Comportement de l’entraîneur : des pistes de réflexion
Je me souviens de mon premier match en tant qu’arbitre. J’étais nerveux, j’avais mal dormi la veille et pratiquement rien mangé avant l’heure fatidique. Je débute mon match comme chaque arbitre fait, c’est-à-dire en procédant à la vérification des équipes et du terrain de jeu. Étant jeune, je trouve les entraîneurs très imposants puisqu’ils sont des adultes; je ne veux surtout pas commettre d’erreurs!
Une fois la glace brisée après mon premier coup de sifflet, le match se déroule sans anicroche. Rares sont les fautes et incidents majeurs lors d’un match U-08F et les entraîneurs sont présents pour encadrer leurs joueuses afin de les éduquer aux rouages techniques du ballon rond.
En tant qu’arbitre de soccer, je ne voulais rien manquer de ce qui se passe sur le terrain. Je voulais bien faire et surtout, ne pas me tromper et être certain, à chaque fois, de mes décisions… Or, cette pression individuelle omniprésente est assez palpable chez les jeunes arbitres de soccer. Ainsi, le rôle de l’entraîneur est crucial dans l’apprentissage des jeunes officiels qui, n’ayant pas peur des mots, démontrent beaucoup de courage en se présentant sur le terrain avec deux équipes ainsi que de nombreux parents et amis du ballon rond.
Or, trop souvent les chefs arbitres reçoivent des commentaires suite à un match et ces derniers sont écrits avec émotions, relatant les « mauvaises » décisions des arbitres ou d’une application non conforme aux Lois du Jeu. Après toutes ces années, je m’aperçois que lors de mon premier match, j’avais commis plusieurs erreurs et aucun entraîneur ne m’en avait fait la remarque… Cela n’est pas dû à leur manque de connaissances dans le domaine ou par un quelconque manque d’attention, bien au contraire! J’ai rapidement réalisé que ces entraîneurs s’étaient aperçus de mes erreurs et pourtant ils n’ont pas réagi…
Cependant, avec du recul et mon expérience, je me permets d’affirmer que ce « laisser-aller » de ces entraîneurs avait été grandement bénéfique à mon apprentissage dans l’arbitrage au soccer. Ainsi, ma motivation était plus grande et je n’avais pas (ou peu) peur de commettre des erreurs puisque ces dernières font partie intégrante du développement des arbitres de tout sport confondu.
En somme, l’entraîneur de soccer se doit d’être un fier collaborateur de l’apprentissage du soccer non seulement auprès de ses joueurs et joueuses, mais également auprès des jeunes officiels qui débutent dans le domaine.

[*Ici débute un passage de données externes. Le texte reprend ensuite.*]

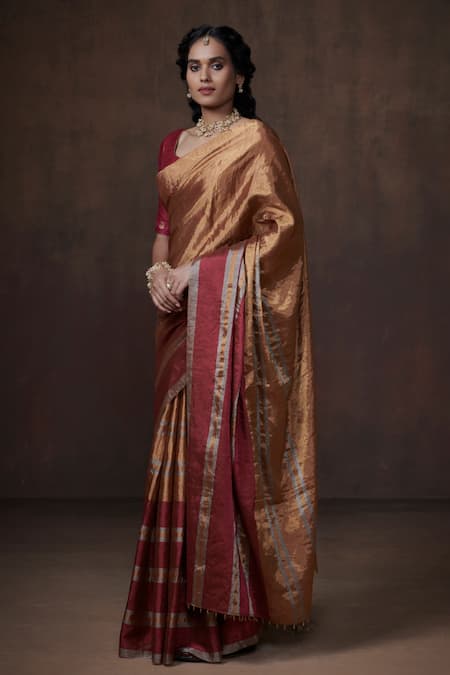 Dressfolk_Gold Tissue Stripe Border Handwoven Saree With Running Blouse _Online_at_Aza_Fashions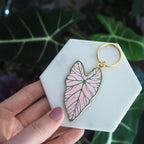 Caladium Keychain - Pink Plant Keyring
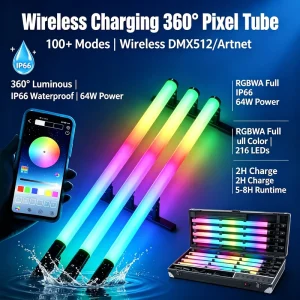 360-Degree RGBW 3D Matrix Pixel Mapping LED Hanging Tube, DMX512, for Stage, Event, and Club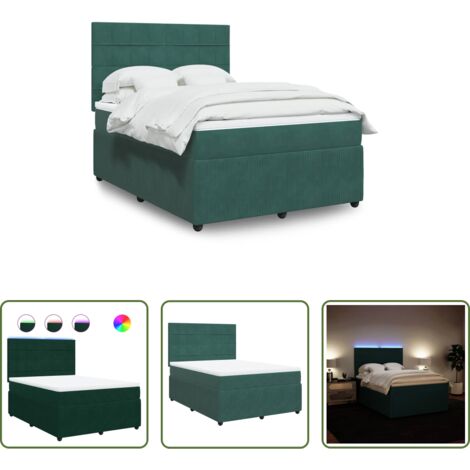 Materasso a molle insacchettate -  Giroletto a Molle con Materasso Verde Scuro 140x200 cm Velluto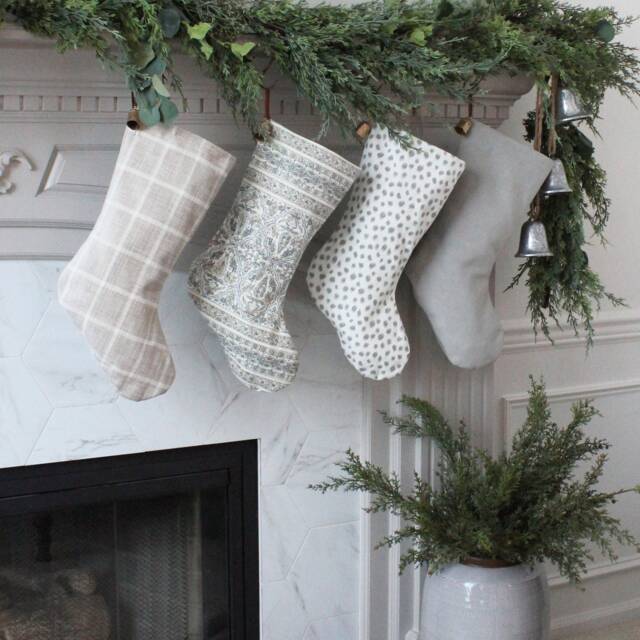 Classic Christmas Stockings - Handmade Designer Fabric Modern Farmhouse Stocking Decorator - image 1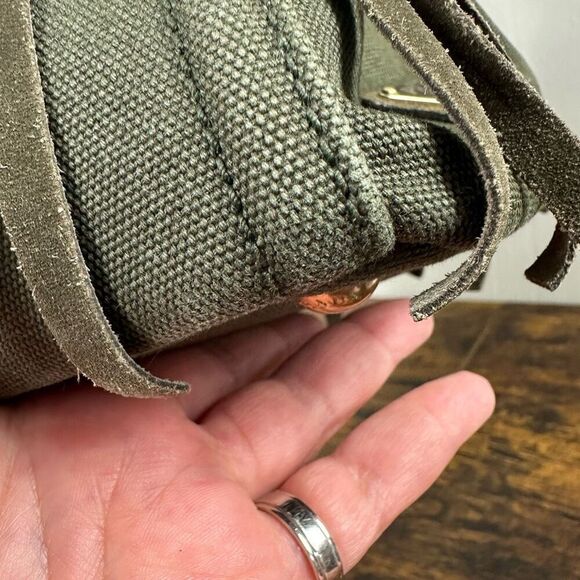 Prada Canapa Fringed Tote Bag Olive Green - Picture 13 of 16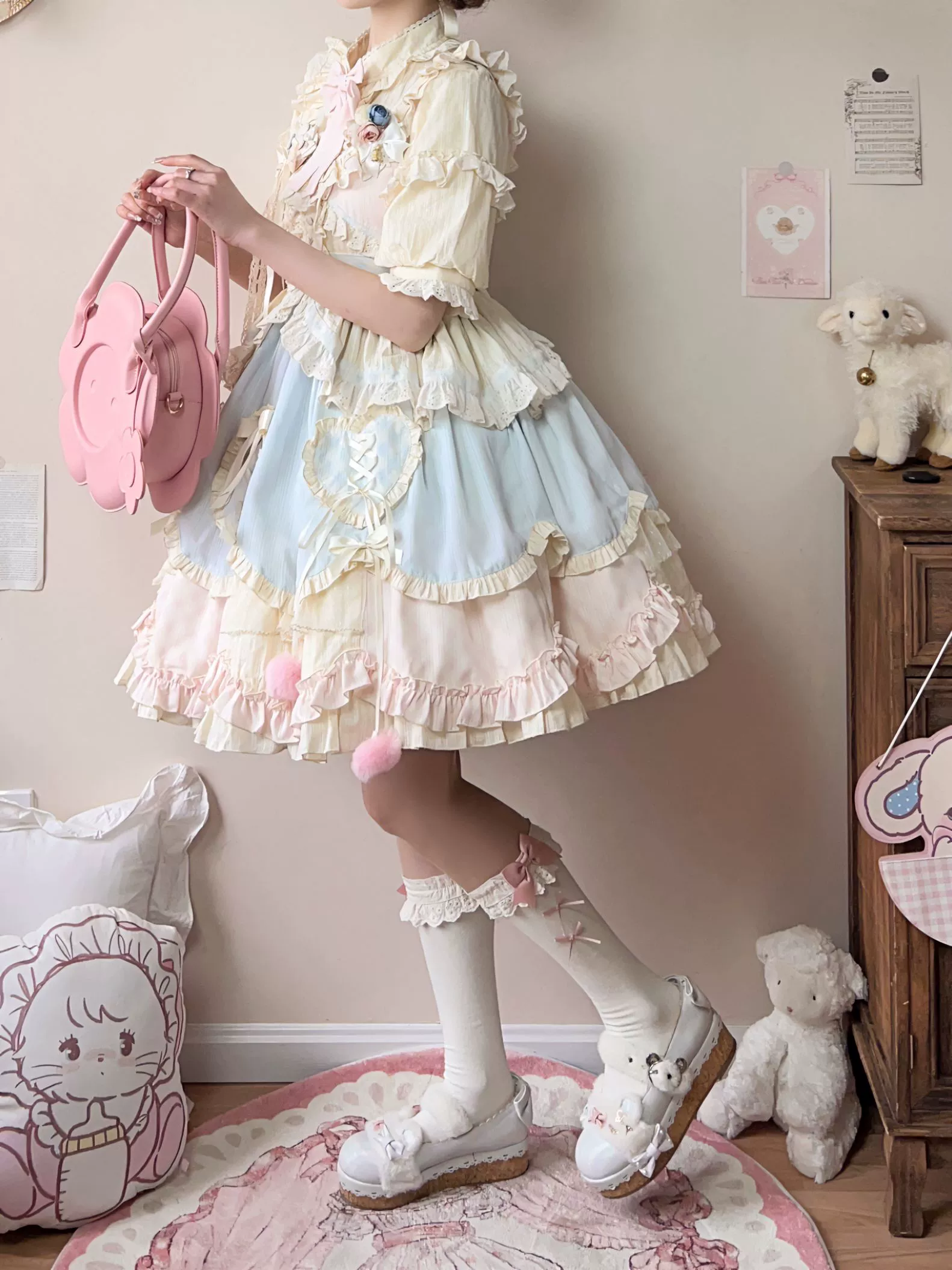 Dreamy Macaron - Sweet Lolita JSK Dress Solid Color Shirt - Image 5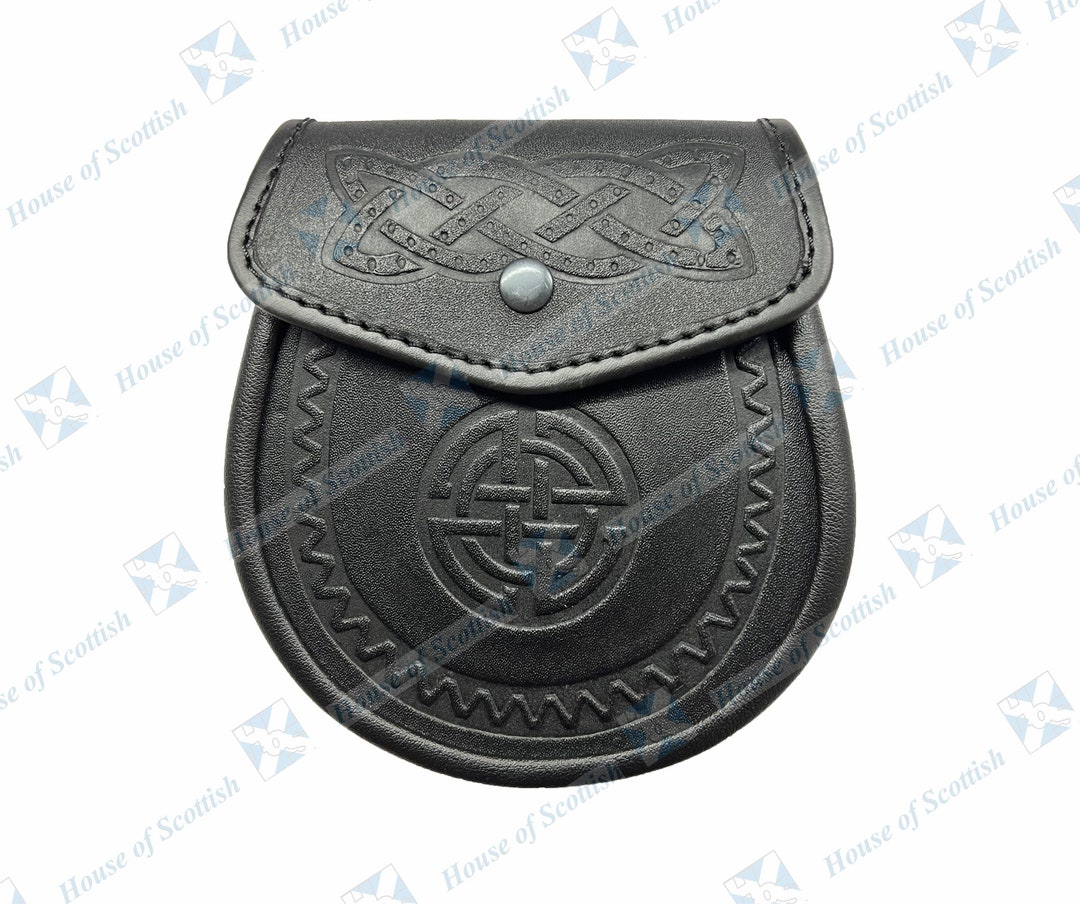 thumbnail interactive-video image 1 of Scottish Kilt Sporran - Celtic Embossed Black Leather With Belt & Chain - AAR 1 of 6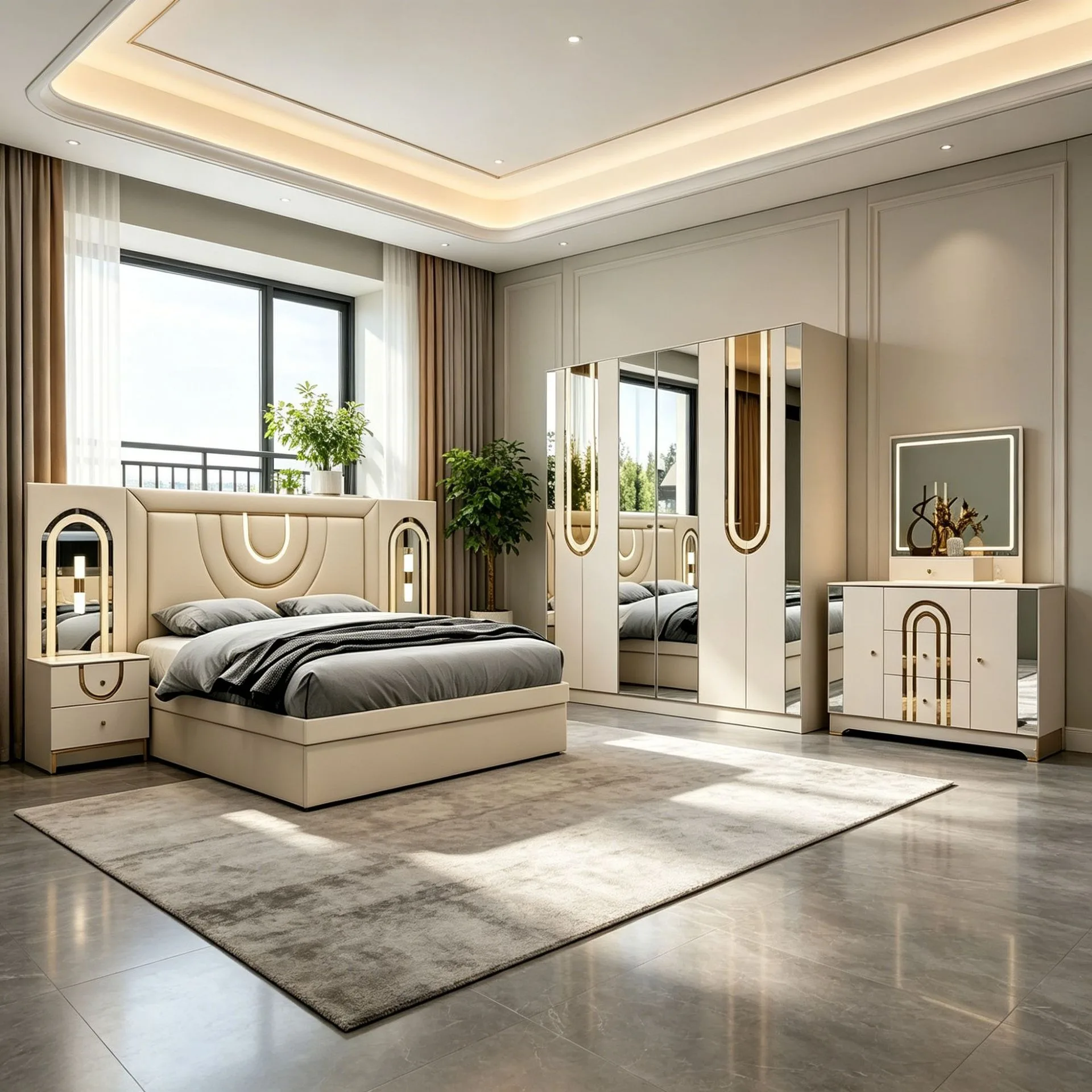 TNBKTFZ111 light luxury bedroom four-piece combination, comfortable soft bed, wardrobe, dresser, bedside table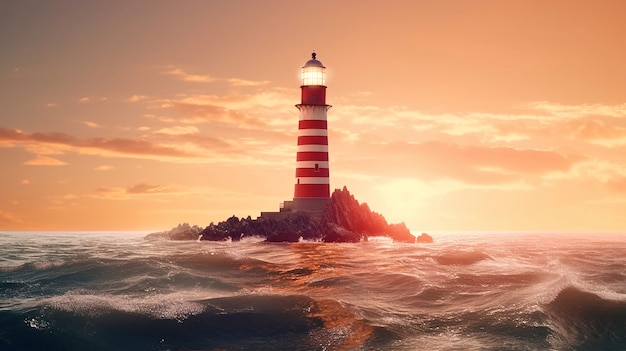 Lighthouse surrounded by water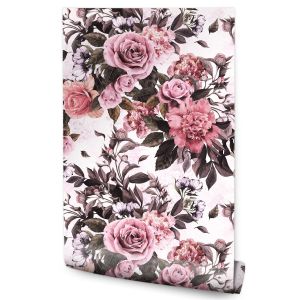 Papel Pintado Rosas Peonías Flores Para El Dormitorio No Tejido 53cm x 10m
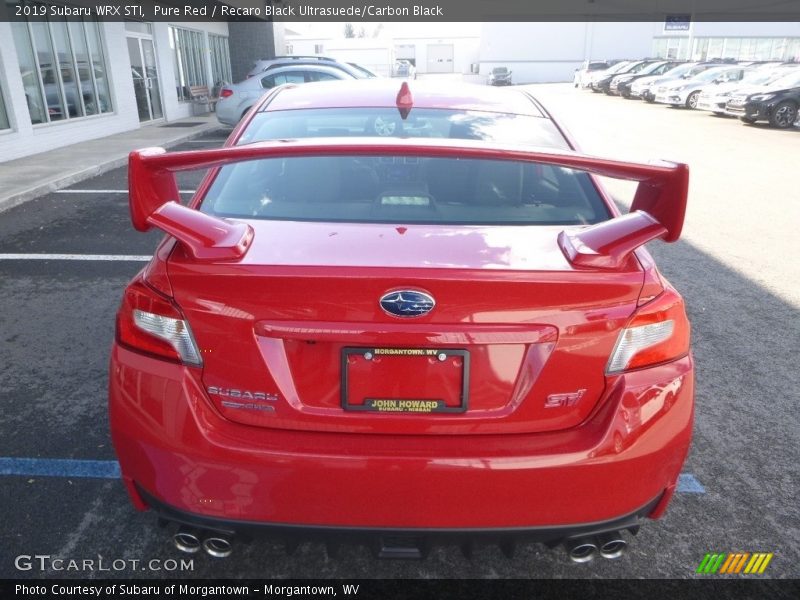 Pure Red / Recaro Black Ultrasuede/Carbon Black 2019 Subaru WRX STI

Trop souvent de jeunes arbitres quittent l’arbitrage en raison de commentaires d’entraîneurs qui arborent une interprétation différente des règlements. C’est tous ensemble (entraîneurs, joueurs, parents et arbitres) que nous réalisons des apprentissages du ballon rond, et ce, tant du côté humain que ludique.
Jean-Philippe Provost
Notes sur l’auteur
Jean-Philippe Provost est directeur de l’arbitrage à l’association de soccer de Beauport depuis 2009. En plus d’être évaluateur et instructeur d’arbitres, l’auteur est mathématicien spécialisé en enseignement collégial et poursuit présentement des études supérieures en didactique des mathématiques à l’Université Laval.